Résumé de l'Editeur : chez Milady Graphics
New York, 2038. Le monde a sombré dans un cauchemar sans nom. La métropole dévastée demeure l'emblème du monde, mais d'inquiétantes créatures font planer une lourde menace sur la ville. Les membres de la secte des Treize Lunes montent la garde dans un entrepôt désaffecté. Luz reçoit la visite de son maître, Baal, et se voit remettre Malefic, une arme redoutable, ornée de symboles ésotériques qui remontent à la nuit des temps. L'occasion rêvée pour venger la mort de sa compagne, Soum, dont le cœur a été arraché par des êtres sanguinaires...
L'avis de Block :
L’Apocalypse selon les Royo est humide, glacial et peuplé de créatures sorties d’une parade gothique : le Manhattan de l’année 2038 est devenu le champs de bataille d’un conflit opposant des forces ésotériques supérieures. Après avoir planté ce décor, le récit du roman graphique s’attarde sur le personnage de Luz, une goth mélancolique et dangereuse qui, en raison de ses origines mystérieuses, sera appelée à jouer un rôle qui la dépasse. Elle est accompagnée de Soum, membre d’une secte occulte nippone, envoyée en mission dans ce New York ravagé, et d’un geek vaguement emo, Allen.

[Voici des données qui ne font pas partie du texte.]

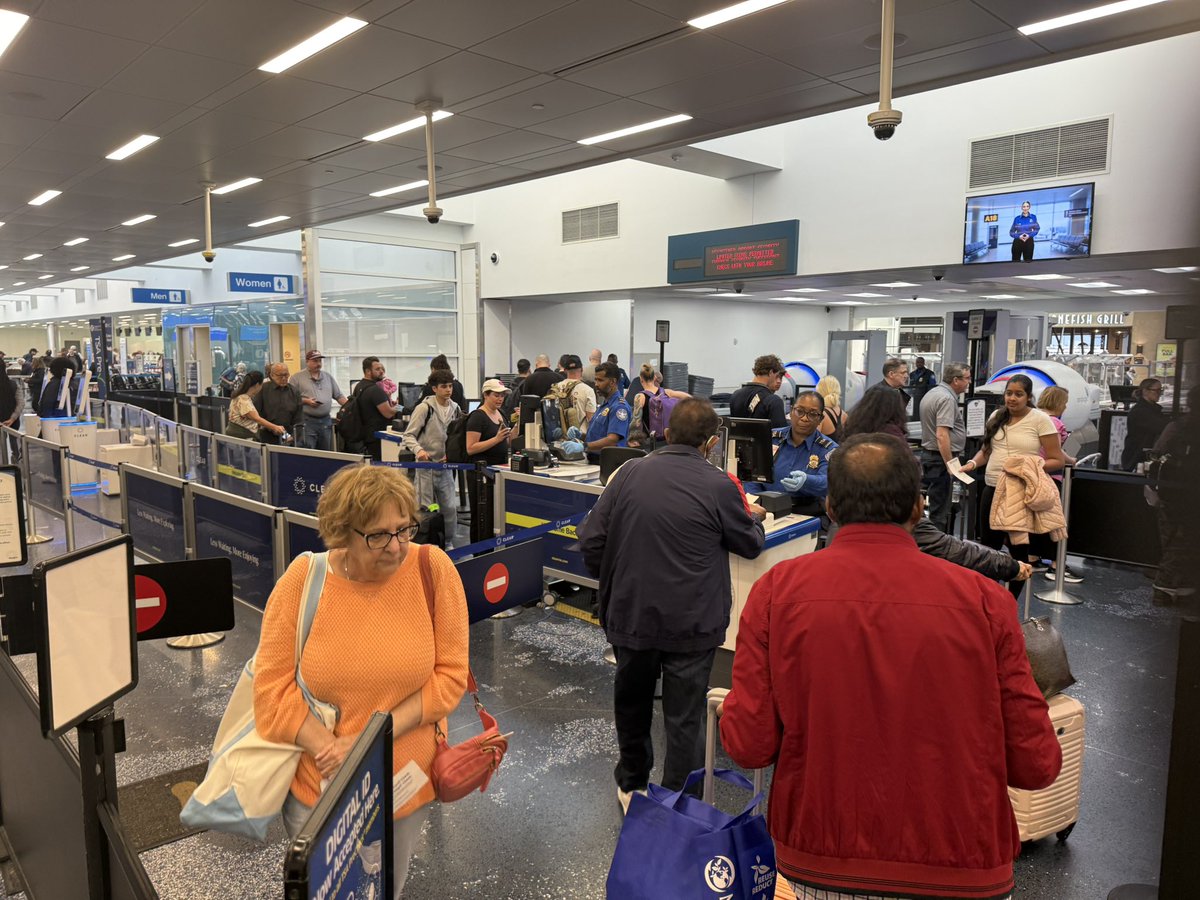 dwtroop's tweet photo. Dear @CNN,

Disons-le d’emblée : l’histoire de Malefic Time – dont la narration n’est pas un modèle de fluidité – n’est qu’un prétexte. Si en général, dans le roman graphique, les dessins, aussi beaux soient-il, restent au service du récit, ici c’est l’inverse : les textes de Romulo Royo semblent davantage destinés à contextualiser les superbes illustrations de son père, Luis. Et si ce dernier veut dessiner une japonaise tatouée maniant des katanas, des démons ailés, une reine égyptienne ou une fille dans son bain, c’est au fiston d’inventer une cohérence entre ces tableaux. Cette démarche est d’ailleurs revendiquée dans les bonus de l’ouvrage. L’histoire de Malefic Time a été brodée autour du personnage de Luz, né il y a vingt ans dans l’esprit de Luis Royo. Celui-ci a, au fil du temps, cherché à donner à sa création davantage de consistance en évoquant ses origines et en développant l’univers dans lequel la jeune femme évolue.
Mais l’intérêt de l’ouvrage réside surtout dans ses illustrations. Essentiellement des huiles et acryliques sur papier, les peintures de Luis Royo sont splendides. L’artiste a eu la bonne idée de lever le pied à la fois sur l’aérographe et sur l’usage des couleurs, pour livrer des tableaux sobres, quasi monochromatiques, dans des tons gris ou sépia, relevés parfois d’une touche de rouge ou de bleu. Avec un sens aigu de la lumière – voir par exemple le vol épique des « anges » dans la cathédrale St. Patrick – Luis Royo retranscrit magnifiquement l’atmosphère de solitude et de désolation qui règne dans l’univers gothique et post-apocalyptique de Malefic Time. L’artiste offre de sublimes vues de son Manhattan déchu : des gratte-ciel rongés par l’humidité, des rues désertes dévorées par la brume, des carcasses de voitures abandonnées, des rames de métro désaffectées… Certaines illustrations s’étalent sur des doubles-pages à couper le souffle qui invitent le lecteur à promener longuement son regard pour s’y immerger pleinement. Quant aux femmes, sujet de prédilection de Luis Royo, elles sont, sous l’ahurissante finesse du trait de l’artiste, plus éthérées et plus gracieuses que jamais.
Un mot également sur le remarquable travail d’édition de Milady Graphics. Le livre est accompagné d’un DVD offrant de nombreux bonus : une sorte de making-off, des scènes coupées, un commentaire de l’œuvre, un musée virtuel ainsi que cinq titres composés et interprétés par le groupe de metal mélo-progressif espagnol, Avalanch, sur le thème de Malefic Time ; tout ceci afin de prolonger et d’approfondir l’expérience.
Pas tout-à-fait roman graphique, mais bien plus qu’un simple livre d’illustrations, Malefic Time, Apocalypse, est donc une œuvre pluridisciplinaire, originale et ambitieuse, qui mérite vraiment le détour. Deux suites sont prévues : elles ne seront pas de trop pour explorer la richesse de l’univers des Royo.